Starting with the first line of the data that follows, transcribe every line verbatim until the line containing "Dophin surfing Kids" has been transcribed.

(Records contained in a dataset)
:::

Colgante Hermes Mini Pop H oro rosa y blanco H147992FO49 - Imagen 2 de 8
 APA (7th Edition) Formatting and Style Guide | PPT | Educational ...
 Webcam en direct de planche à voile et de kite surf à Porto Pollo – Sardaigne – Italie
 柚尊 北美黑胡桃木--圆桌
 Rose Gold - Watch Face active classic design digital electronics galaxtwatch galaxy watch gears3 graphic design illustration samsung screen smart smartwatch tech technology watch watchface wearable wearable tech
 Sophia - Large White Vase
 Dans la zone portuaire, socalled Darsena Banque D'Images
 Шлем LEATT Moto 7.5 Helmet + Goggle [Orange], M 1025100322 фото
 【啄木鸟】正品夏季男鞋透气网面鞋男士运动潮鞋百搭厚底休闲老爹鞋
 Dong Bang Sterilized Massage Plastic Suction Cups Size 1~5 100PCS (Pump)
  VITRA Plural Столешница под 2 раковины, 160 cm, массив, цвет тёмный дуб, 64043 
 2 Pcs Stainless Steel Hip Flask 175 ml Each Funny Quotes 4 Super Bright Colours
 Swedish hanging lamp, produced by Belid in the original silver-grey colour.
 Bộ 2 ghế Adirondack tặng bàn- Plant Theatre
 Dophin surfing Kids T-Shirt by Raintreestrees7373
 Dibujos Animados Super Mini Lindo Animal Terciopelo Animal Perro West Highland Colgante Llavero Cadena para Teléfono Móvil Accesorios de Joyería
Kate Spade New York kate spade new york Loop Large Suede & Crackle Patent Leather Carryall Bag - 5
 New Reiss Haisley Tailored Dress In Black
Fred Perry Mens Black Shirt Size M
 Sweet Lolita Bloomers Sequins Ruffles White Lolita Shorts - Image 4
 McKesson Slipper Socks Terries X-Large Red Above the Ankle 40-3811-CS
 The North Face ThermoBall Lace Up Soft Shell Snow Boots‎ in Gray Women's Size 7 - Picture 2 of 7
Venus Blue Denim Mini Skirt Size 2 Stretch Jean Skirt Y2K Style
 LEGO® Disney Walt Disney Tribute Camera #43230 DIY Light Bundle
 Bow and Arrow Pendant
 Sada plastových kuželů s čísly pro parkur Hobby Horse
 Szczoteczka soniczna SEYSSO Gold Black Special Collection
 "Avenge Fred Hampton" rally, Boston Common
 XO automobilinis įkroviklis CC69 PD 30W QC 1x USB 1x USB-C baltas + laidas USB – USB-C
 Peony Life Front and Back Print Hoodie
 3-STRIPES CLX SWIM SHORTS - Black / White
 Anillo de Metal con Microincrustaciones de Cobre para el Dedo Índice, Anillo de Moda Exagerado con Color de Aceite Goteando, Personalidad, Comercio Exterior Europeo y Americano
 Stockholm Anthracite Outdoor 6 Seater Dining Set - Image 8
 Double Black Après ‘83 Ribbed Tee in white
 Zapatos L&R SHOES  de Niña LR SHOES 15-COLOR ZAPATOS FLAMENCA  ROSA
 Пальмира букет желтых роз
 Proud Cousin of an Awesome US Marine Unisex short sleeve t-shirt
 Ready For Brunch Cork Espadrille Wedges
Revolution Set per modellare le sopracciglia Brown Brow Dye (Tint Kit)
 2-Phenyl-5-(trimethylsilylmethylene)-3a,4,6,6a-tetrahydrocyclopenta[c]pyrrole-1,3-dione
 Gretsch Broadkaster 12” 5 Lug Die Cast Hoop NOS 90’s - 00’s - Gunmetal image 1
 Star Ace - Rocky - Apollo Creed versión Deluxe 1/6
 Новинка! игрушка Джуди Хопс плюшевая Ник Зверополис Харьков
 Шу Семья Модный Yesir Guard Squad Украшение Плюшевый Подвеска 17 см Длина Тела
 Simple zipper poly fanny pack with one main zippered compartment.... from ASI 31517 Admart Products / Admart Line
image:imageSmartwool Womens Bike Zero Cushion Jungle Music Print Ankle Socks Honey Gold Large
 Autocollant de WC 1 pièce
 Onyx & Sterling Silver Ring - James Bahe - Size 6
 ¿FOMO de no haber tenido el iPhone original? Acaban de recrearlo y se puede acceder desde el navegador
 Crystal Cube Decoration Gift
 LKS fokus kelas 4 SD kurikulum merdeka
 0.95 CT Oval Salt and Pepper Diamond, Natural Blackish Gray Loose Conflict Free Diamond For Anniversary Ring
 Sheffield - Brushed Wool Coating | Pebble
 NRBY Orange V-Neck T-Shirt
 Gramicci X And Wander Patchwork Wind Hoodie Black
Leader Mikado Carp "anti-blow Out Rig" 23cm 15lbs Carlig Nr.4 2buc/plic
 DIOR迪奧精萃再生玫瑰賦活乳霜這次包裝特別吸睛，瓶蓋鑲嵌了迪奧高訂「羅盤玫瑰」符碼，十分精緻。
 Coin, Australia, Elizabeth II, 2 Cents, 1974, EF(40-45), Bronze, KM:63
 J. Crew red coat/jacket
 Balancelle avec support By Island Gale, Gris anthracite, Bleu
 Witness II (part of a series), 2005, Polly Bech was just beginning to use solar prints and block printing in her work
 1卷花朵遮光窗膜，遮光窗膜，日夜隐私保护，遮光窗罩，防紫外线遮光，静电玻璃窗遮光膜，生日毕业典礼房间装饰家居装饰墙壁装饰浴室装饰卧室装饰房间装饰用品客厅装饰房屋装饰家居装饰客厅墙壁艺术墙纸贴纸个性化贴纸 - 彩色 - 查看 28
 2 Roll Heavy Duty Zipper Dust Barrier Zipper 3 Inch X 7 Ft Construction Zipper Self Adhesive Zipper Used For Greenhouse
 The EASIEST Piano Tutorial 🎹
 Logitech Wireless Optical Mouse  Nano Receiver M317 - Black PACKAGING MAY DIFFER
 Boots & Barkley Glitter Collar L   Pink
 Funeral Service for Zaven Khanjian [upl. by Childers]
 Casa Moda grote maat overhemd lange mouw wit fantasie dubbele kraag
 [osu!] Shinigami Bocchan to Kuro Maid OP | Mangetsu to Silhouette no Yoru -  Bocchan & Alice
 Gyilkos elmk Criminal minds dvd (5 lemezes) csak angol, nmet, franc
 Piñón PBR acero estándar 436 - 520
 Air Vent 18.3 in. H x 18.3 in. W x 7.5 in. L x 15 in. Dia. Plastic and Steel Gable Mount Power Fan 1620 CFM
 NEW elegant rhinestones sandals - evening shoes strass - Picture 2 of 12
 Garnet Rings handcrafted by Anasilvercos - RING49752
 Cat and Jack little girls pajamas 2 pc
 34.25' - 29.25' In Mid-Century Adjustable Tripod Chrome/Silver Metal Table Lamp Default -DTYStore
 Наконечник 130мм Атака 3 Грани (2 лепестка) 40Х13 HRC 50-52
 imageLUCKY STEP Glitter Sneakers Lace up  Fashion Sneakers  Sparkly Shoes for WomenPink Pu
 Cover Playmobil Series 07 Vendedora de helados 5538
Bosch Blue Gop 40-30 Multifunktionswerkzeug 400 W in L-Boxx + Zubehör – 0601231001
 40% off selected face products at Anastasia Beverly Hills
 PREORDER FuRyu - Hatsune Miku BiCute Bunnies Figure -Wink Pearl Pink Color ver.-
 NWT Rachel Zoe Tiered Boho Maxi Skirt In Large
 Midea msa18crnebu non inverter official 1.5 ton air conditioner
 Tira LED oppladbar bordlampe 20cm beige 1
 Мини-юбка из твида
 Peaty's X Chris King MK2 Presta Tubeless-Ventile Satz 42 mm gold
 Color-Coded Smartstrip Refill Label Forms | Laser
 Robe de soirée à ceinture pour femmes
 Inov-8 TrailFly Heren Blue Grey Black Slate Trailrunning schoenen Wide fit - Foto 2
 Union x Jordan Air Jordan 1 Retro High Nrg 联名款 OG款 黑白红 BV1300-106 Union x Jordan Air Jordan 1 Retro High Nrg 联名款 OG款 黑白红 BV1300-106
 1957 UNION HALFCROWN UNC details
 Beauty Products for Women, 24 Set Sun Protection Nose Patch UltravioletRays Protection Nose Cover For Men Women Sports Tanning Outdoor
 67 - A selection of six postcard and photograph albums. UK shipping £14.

:::

TASK ANSWER
Colgante Hermes Mini Pop H oro rosa y blanco H147992FO49 - Imagen 2 de 8
 APA (7th Edition) Formatting and Style Guide | PPT | Educational ...
 Webcam en direct de planche à voile et de kite surf à Porto Pollo – Sardaigne – Italie
 柚尊 北美黑胡桃木--圆桌
 Rose Gold - Watch Face active classic design digital electronics galaxtwatch galaxy watch gears3 graphic design illustration samsung screen smart smartwatch tech technology watch watchface wearable wearable tech
 Sophia - Large White Vase
 Dans la zone portuaire, socalled Darsena Banque D'Images
 Шлем LEATT Moto 7.5 Helmet + Goggle [Orange], M 1025100322 фото
 【啄木鸟】正品夏季男鞋透气网面鞋男士运动潮鞋百搭厚底休闲老爹鞋
 Dong Bang Sterilized Massage Plastic Suction Cups Size 1~5 100PCS (Pump)
  VITRA Plural Столешница под 2 раковины, 160 cm, массив, цвет тёмный дуб, 64043 
 2 Pcs Stainless Steel Hip Flask 175 ml Each Funny Quotes 4 Super Bright Colours
 Swedish hanging lamp, produced by Belid in the original silver-grey colour.
 Bộ 2 ghế Adirondack tặng bàn- Plant Theatre
 Dophin surfing Kids T-Shirt by Raintreestrees7373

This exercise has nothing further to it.